Question: "What is the Salafi movement in Islam?"
Answer: The Salafi movement is a subset of Islam that applies Sharia Law according to a strict, originalist, and highly aggressive interpretation. Within the religion of Islam, there are several major denominations. By far, the largest of these is Sunni Islam, making up more than 75 percent of Muslims worldwide. Causing divisions within Sunni Islam are varied interpretations, or fiqh, on how to properly apply Islamic law. The four major “schools” of law, based on fiqh, are Hanafi, Maliki, Shafi’i, and Hanbali. One of several subsets within the Hanbali school is Wahhabi, and Salafi is a relatively recent interpretation of Wahhabism.
The Salafi movement is typically explained as a reaction to European dominance over Arabic lands. Over the first few centuries of its existence, the Islamic Empire conquered a vast territory. This extended as far as southern Europe before further conquest was stymied by the first Crusade. By comparison, Islamic power in the nineteenth century was slim, all but overrun by European colonialism. Angst over a lack of influence and the watering-down of Islamic practice gave rise to Wahhabism, which sought to return Islam to its earliest beliefs and most stringent applications of Shariah. This perspective was influential in the establishment of the nation now known as Saudi Arabia.
By the dawn of the twentieth century, the Wahhabist approach had developed into Salafism, or the Salafi movement. The distinctive belief of this group is that Islam has strayed from the beliefs and practices of Muhammad and his earliest followers. In particular, Salafis believe that Islam has been contaminated with non-Muslim ideas and practices. The Salafist intent is to return Islam to the same form that Muhammad left it in, without modern variations in doctrine or practice and with an uncompromising application of Sharia Law. Most Muslims within Salafism either reject politics entirely or believe in working through normal civic processes to change society. However, some Salafis believe that aggressive, violent jihad is a requirement of Islamic faith.

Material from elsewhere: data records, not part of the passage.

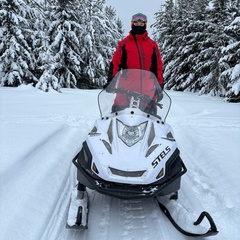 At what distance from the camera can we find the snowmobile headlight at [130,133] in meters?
3.07

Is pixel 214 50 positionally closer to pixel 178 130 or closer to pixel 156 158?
pixel 178 130

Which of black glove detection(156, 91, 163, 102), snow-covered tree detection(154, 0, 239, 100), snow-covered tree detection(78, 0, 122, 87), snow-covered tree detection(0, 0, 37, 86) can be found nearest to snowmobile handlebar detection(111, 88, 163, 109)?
black glove detection(156, 91, 163, 102)

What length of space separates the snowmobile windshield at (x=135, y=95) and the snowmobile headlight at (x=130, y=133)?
0.41 metres

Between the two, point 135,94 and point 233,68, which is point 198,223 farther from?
point 233,68

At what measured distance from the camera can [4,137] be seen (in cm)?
502

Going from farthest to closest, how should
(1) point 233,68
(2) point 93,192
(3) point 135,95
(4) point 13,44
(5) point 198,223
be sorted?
(4) point 13,44
(1) point 233,68
(3) point 135,95
(2) point 93,192
(5) point 198,223

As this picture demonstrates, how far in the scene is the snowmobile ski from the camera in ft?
8.63

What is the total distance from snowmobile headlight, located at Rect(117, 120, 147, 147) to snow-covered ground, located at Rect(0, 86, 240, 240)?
803 mm

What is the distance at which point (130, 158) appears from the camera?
111 inches

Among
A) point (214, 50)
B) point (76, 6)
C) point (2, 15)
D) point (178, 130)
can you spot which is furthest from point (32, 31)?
point (178, 130)

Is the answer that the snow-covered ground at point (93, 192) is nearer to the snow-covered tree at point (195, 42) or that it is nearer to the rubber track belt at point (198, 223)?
the rubber track belt at point (198, 223)

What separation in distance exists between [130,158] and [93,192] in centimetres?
101

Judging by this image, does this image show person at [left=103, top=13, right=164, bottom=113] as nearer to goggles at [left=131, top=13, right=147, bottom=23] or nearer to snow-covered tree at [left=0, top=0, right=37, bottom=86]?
goggles at [left=131, top=13, right=147, bottom=23]

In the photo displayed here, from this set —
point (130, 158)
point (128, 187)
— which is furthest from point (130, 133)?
point (128, 187) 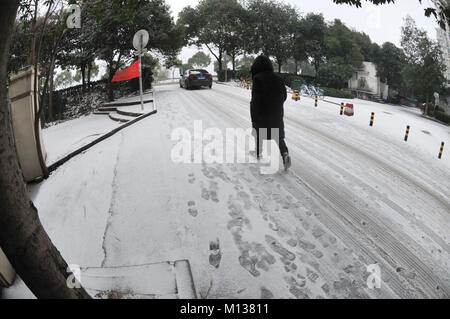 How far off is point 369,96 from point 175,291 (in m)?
46.0

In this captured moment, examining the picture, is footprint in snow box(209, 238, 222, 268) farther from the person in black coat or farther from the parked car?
the parked car

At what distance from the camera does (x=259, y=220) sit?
3.31 metres

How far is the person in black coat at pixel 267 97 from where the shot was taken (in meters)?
4.32

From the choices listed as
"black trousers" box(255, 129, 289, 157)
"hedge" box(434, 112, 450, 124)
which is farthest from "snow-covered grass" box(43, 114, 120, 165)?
"hedge" box(434, 112, 450, 124)

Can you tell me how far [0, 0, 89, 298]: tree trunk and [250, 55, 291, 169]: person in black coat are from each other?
3.35 m

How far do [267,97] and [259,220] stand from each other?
6.91 feet

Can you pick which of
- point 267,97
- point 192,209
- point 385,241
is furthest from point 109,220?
point 385,241

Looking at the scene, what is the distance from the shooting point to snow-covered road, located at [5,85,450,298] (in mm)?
2543

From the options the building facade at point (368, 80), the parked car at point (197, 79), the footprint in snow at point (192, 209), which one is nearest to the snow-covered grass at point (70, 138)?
the footprint in snow at point (192, 209)

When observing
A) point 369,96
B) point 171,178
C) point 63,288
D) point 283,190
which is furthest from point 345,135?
point 369,96

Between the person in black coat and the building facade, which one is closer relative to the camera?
the person in black coat

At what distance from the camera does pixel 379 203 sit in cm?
399

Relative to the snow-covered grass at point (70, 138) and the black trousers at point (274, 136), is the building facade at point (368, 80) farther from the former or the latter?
the black trousers at point (274, 136)

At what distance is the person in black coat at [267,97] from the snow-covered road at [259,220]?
860mm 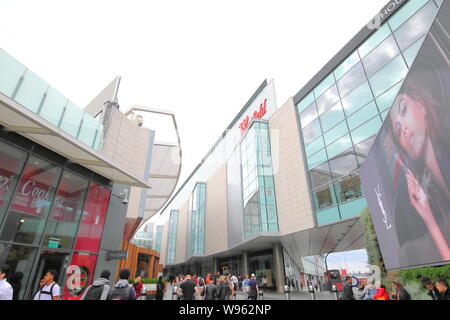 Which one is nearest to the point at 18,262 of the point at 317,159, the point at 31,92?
the point at 31,92

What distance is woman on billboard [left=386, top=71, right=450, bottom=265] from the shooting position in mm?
3637

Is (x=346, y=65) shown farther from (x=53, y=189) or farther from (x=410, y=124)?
(x=53, y=189)

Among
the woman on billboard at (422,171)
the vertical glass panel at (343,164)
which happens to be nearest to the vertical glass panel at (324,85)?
the vertical glass panel at (343,164)

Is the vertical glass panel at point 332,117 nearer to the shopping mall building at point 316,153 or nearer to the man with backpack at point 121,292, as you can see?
the shopping mall building at point 316,153

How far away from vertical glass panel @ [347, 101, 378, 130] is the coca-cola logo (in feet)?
55.6

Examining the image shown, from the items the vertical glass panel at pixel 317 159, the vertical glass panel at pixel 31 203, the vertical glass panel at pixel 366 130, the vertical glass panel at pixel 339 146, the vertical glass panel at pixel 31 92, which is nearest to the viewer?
the vertical glass panel at pixel 31 203

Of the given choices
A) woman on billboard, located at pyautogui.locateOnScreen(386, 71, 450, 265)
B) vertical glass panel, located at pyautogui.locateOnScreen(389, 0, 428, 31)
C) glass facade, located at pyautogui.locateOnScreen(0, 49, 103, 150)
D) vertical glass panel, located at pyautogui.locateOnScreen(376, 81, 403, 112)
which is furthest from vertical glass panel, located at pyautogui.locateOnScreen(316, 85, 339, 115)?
glass facade, located at pyautogui.locateOnScreen(0, 49, 103, 150)

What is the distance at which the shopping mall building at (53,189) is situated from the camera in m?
6.92

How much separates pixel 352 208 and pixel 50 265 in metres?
15.4

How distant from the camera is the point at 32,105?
7.48m

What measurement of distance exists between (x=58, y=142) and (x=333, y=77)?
1863 cm

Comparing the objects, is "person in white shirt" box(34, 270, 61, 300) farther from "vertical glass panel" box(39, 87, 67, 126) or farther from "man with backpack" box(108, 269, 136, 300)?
"vertical glass panel" box(39, 87, 67, 126)

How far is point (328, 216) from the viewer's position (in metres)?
15.6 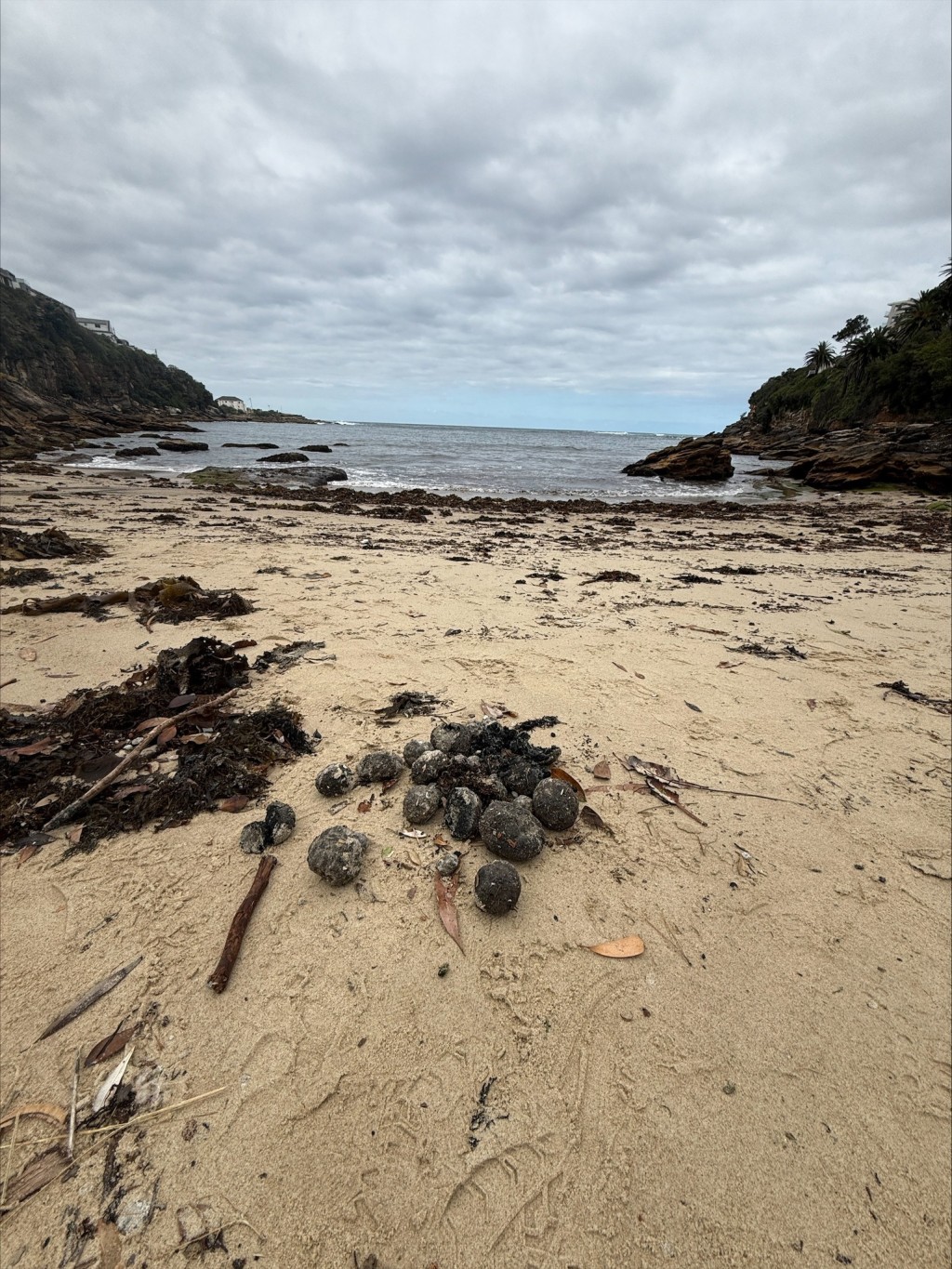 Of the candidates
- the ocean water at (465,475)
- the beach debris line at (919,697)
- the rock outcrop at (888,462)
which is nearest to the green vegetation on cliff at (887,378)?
the rock outcrop at (888,462)

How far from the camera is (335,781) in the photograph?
9.50 ft

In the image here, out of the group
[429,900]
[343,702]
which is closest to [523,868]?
[429,900]

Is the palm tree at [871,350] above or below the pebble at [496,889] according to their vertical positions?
above

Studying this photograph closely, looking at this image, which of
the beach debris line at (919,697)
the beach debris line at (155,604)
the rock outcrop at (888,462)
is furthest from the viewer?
the rock outcrop at (888,462)

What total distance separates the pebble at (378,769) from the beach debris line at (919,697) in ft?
13.4

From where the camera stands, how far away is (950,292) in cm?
5181

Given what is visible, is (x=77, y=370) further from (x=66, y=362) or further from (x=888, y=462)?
(x=888, y=462)

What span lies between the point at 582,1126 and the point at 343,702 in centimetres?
282

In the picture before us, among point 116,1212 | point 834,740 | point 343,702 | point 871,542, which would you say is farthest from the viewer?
point 871,542

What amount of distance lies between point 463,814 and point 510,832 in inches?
10.6

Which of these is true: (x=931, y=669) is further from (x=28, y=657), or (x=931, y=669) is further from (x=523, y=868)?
(x=28, y=657)

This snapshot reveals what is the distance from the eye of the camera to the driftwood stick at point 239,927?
1961mm

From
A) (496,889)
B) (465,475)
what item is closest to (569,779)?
(496,889)

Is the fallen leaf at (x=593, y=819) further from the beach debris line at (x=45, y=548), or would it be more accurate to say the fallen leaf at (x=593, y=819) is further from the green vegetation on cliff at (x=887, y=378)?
the green vegetation on cliff at (x=887, y=378) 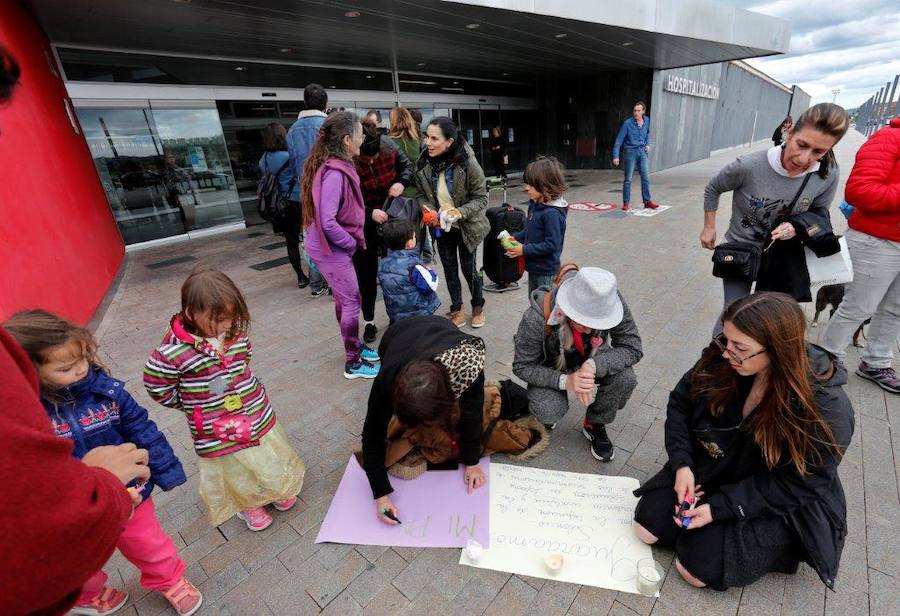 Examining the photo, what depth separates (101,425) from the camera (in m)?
1.53

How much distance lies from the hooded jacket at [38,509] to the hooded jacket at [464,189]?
3118 millimetres

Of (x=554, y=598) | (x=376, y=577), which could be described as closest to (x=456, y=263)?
(x=376, y=577)

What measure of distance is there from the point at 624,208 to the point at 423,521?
8.03 metres

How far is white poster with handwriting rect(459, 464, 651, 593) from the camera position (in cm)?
183

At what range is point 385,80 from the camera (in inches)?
428

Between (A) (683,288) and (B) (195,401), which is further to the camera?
(A) (683,288)

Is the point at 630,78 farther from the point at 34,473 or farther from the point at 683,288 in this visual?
the point at 34,473

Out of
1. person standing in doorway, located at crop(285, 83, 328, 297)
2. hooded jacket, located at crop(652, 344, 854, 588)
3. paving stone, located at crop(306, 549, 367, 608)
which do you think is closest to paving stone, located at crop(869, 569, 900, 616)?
hooded jacket, located at crop(652, 344, 854, 588)

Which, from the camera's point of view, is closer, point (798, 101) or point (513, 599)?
point (513, 599)

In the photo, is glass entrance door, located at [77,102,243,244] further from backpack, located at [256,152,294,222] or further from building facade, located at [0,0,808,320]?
backpack, located at [256,152,294,222]

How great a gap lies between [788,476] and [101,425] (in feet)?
8.29

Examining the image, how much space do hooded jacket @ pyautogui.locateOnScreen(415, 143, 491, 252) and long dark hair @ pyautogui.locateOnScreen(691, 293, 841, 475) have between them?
2338 mm

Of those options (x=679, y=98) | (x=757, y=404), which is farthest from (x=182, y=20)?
(x=679, y=98)

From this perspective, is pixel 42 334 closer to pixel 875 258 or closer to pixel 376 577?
pixel 376 577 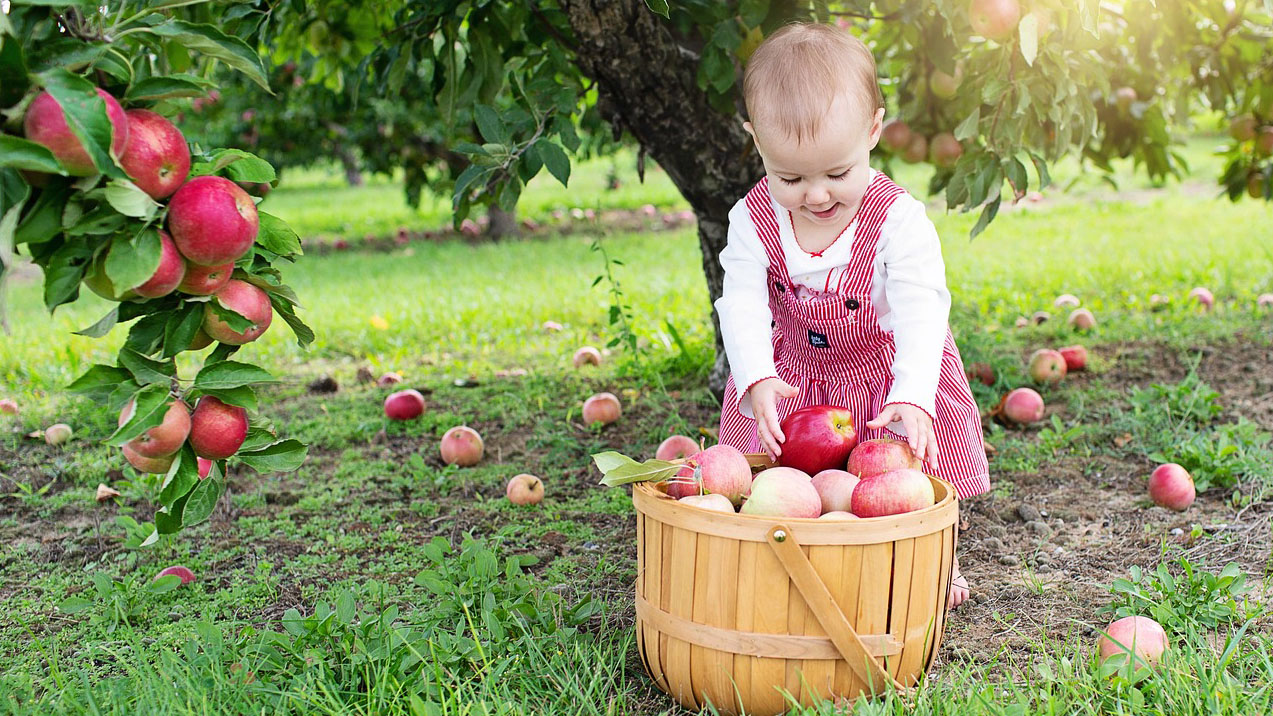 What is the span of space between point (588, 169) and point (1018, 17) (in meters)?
18.1

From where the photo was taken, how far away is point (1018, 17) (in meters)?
2.45

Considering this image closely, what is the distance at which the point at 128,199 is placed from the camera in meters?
1.25

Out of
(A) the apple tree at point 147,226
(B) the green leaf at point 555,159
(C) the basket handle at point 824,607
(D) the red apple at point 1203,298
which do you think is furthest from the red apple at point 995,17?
(D) the red apple at point 1203,298

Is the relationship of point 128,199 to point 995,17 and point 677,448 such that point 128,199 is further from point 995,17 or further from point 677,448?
point 995,17

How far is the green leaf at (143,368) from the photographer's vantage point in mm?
1429

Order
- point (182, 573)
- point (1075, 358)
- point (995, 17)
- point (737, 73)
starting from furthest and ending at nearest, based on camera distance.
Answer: point (1075, 358), point (737, 73), point (995, 17), point (182, 573)

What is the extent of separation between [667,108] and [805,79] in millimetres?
1218

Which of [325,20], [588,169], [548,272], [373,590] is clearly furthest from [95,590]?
[588,169]

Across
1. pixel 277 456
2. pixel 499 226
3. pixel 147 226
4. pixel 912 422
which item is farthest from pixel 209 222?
pixel 499 226

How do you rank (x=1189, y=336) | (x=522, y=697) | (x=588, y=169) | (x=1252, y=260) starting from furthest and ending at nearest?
1. (x=588, y=169)
2. (x=1252, y=260)
3. (x=1189, y=336)
4. (x=522, y=697)

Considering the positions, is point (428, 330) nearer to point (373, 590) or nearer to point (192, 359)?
point (192, 359)

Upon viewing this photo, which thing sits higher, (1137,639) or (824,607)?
(824,607)

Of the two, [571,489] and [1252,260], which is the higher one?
[1252,260]

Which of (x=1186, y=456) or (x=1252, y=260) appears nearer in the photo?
(x=1186, y=456)
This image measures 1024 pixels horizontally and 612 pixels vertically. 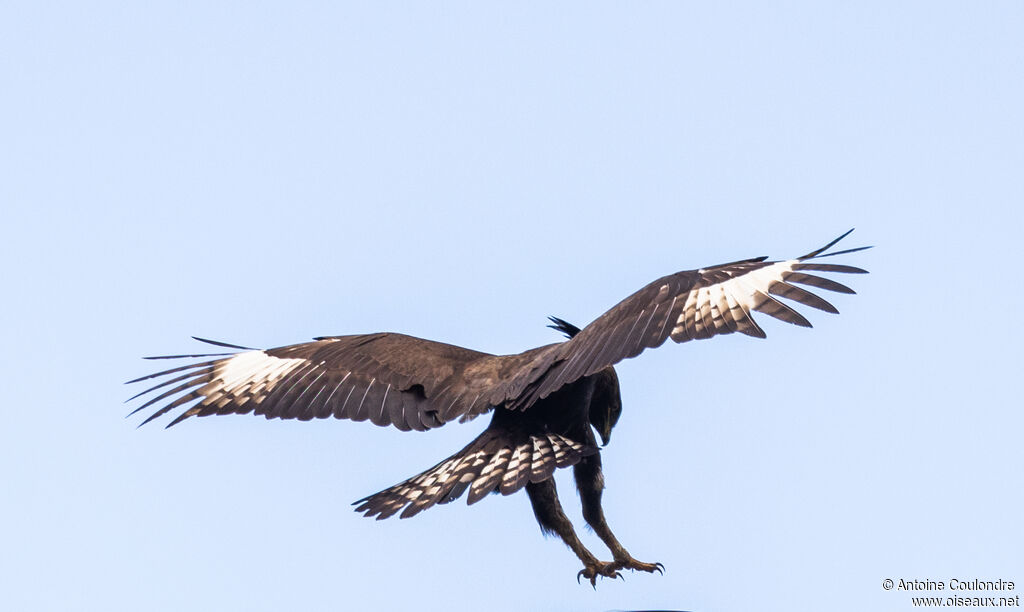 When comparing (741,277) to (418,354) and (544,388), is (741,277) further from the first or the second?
(418,354)

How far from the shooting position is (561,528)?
629cm

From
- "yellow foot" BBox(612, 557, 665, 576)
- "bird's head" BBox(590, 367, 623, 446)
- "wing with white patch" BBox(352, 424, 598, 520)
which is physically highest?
"bird's head" BBox(590, 367, 623, 446)

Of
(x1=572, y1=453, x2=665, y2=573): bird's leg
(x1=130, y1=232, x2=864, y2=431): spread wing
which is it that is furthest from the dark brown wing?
(x1=572, y1=453, x2=665, y2=573): bird's leg

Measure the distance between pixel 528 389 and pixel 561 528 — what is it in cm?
68

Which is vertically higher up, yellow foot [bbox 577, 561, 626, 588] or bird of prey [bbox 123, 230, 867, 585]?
bird of prey [bbox 123, 230, 867, 585]

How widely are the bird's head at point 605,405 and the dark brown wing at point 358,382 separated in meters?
0.40

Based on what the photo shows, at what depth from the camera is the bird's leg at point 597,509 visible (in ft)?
20.6

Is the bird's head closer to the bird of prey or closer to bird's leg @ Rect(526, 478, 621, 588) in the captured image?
the bird of prey

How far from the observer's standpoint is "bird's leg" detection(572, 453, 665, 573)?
6277mm

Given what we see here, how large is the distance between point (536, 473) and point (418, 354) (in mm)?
1461

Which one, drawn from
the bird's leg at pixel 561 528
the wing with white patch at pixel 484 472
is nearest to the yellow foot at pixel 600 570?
the bird's leg at pixel 561 528

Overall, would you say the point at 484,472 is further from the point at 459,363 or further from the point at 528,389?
the point at 459,363

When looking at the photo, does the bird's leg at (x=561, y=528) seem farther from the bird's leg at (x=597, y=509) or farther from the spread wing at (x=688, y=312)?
the spread wing at (x=688, y=312)

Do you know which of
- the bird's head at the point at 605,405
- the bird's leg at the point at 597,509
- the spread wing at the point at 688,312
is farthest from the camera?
the bird's head at the point at 605,405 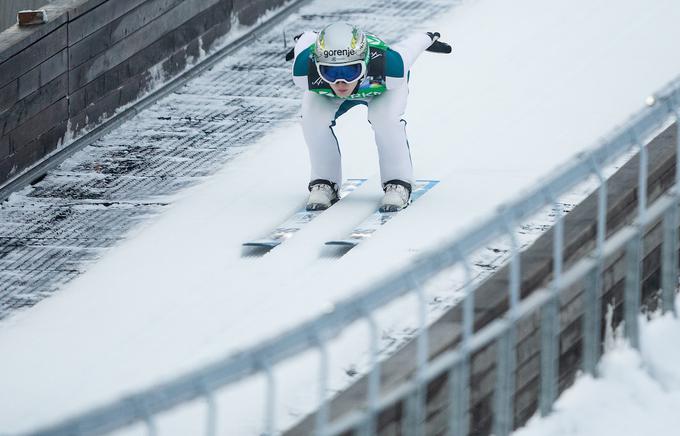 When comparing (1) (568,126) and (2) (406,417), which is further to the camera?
(1) (568,126)

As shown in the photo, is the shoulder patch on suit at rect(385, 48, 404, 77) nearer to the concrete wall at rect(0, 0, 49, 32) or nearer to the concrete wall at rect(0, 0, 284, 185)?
the concrete wall at rect(0, 0, 284, 185)

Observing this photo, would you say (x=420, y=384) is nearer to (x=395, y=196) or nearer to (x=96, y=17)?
(x=395, y=196)

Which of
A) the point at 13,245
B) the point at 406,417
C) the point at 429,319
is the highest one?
the point at 406,417

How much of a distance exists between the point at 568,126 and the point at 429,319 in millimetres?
3780

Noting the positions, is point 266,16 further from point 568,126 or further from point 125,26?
point 568,126

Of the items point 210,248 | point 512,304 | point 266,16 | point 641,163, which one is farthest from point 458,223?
point 266,16

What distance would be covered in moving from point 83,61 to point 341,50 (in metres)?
3.08

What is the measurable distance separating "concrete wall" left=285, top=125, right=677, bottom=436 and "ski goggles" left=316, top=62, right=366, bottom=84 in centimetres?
193

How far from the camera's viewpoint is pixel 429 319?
779 cm

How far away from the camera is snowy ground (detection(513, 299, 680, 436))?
6742mm

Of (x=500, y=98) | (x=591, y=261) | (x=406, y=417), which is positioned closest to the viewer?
(x=406, y=417)

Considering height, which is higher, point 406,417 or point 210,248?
point 406,417

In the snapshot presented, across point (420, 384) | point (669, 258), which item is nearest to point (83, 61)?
point (669, 258)

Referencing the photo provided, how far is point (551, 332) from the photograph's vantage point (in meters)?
6.57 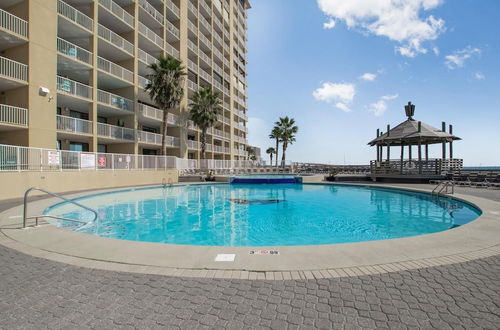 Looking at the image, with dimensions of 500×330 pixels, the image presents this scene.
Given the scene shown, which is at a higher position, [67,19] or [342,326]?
[67,19]

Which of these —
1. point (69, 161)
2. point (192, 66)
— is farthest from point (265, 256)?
point (192, 66)

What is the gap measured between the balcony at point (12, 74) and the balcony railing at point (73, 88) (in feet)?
7.35

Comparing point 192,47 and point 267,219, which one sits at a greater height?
point 192,47

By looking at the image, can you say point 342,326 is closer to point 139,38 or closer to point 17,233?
point 17,233

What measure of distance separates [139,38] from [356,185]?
85.3ft

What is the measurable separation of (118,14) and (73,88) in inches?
359

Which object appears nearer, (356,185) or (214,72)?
(356,185)

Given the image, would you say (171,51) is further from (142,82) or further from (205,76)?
(205,76)

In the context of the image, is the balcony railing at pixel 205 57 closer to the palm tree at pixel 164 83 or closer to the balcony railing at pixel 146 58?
the balcony railing at pixel 146 58

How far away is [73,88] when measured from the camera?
19.3 metres

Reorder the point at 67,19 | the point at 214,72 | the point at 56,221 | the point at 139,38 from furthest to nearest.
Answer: the point at 214,72 → the point at 139,38 → the point at 67,19 → the point at 56,221

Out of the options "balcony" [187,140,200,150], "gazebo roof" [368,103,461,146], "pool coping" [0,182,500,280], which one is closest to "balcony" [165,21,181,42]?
"balcony" [187,140,200,150]

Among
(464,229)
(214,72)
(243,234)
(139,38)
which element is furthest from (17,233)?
(214,72)

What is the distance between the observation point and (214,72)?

Interestingly, the same political and religious environment also spawned a group that espouses an almost pacifist mentality and was the first to act as Muslim “missionaries”: the Ahamadiyya sect.
Despite being an extremely narrow band of Islamic interpretation, jihadist Salafism is identified with almost every infamous Islamic terrorist organization. Such groups include ISIS, Boko Haram, and Al Qaeda. When Western news outlets speak of “Islamic fundamentalism” or “Islamic militants,” they very often mean Salafi Islam or one of its subsets. To clarify, parsing the beliefs of Muslims to arrive at this unique interpretation of Islam goes a full five layers deep: Islam ⊃ Sunni Islam ⊃ Hanbali School ⊃ Wahhabism ⊃ Salafism ⊃ Jihadist Salafism.
Salafism’s relatively large presence in Saudi Arabia—home to Islam’s holiest cities and considerable wealth—has contributed to its outsized influence in the modern world. This influence appears to be growing; unrest in the Middle East is partly responsible for the Salafi school being the fastest-growing interpretation of Islam worldwide.